- SOURCE DATA
>>>

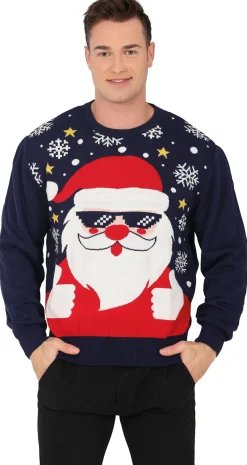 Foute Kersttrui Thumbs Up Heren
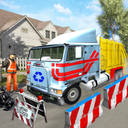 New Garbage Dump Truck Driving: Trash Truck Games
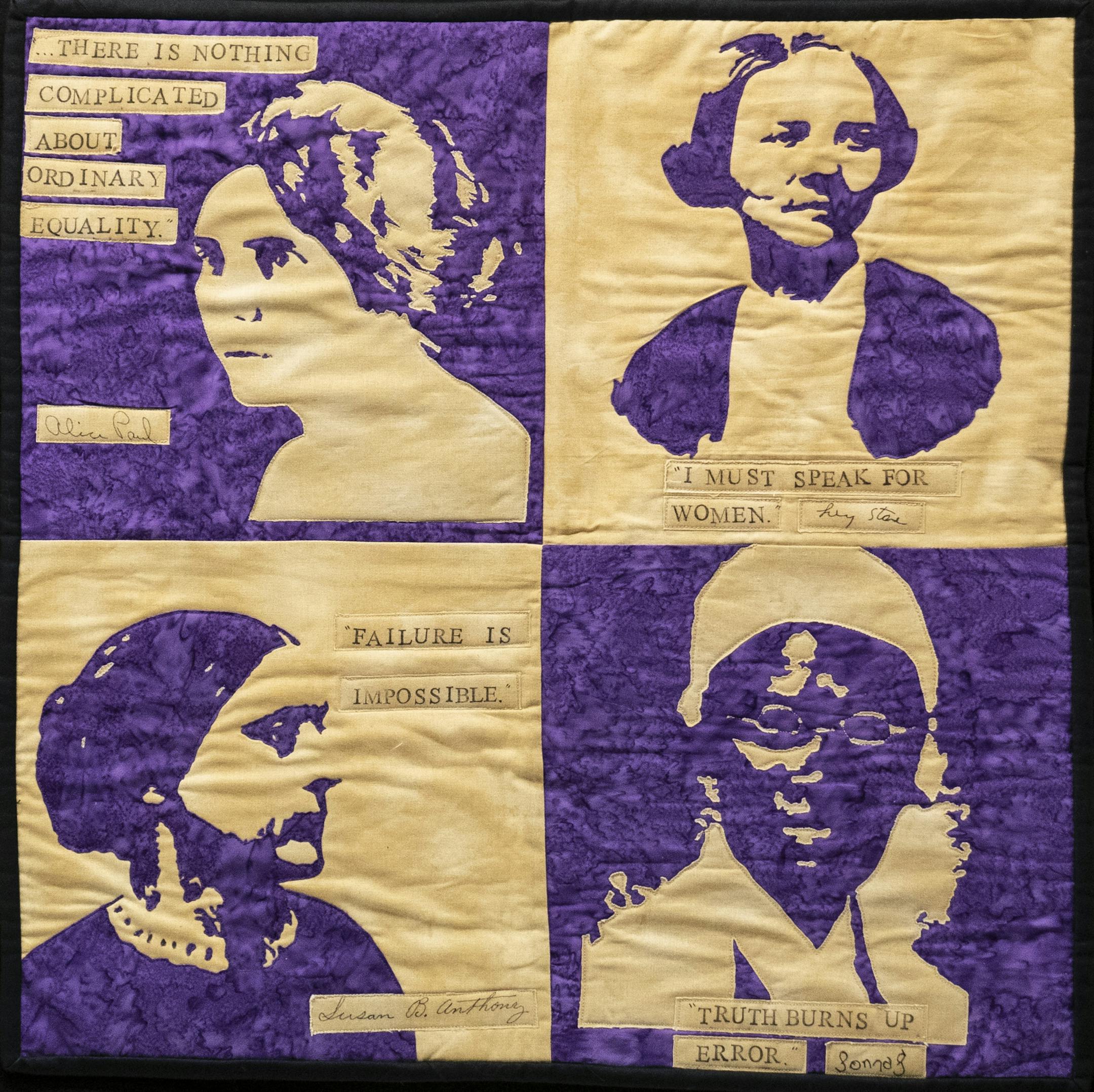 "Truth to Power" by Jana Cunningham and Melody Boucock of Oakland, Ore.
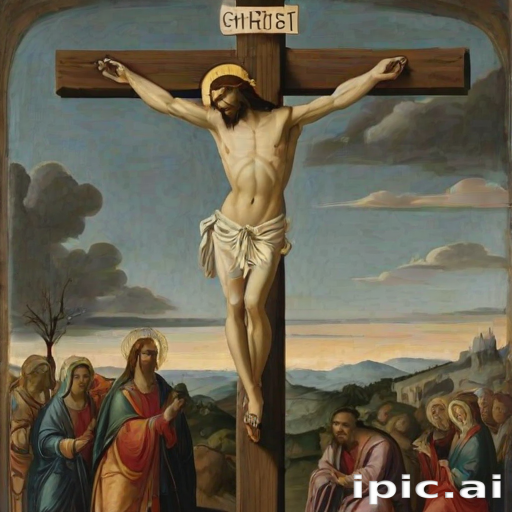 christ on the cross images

<<<

- YOUR OBJECTIVE
In the copy, keep every line of the data above exactly and drop each picture.

- EXERCISE RESPONSE
 Foute Kersttrui Thumbs Up Heren
 New Garbage Dump Truck Driving: Trash Truck Games
 "Truth to Power" by Jana Cunningham and Melody Boucock of Oakland, Ore.
 christ on the cross images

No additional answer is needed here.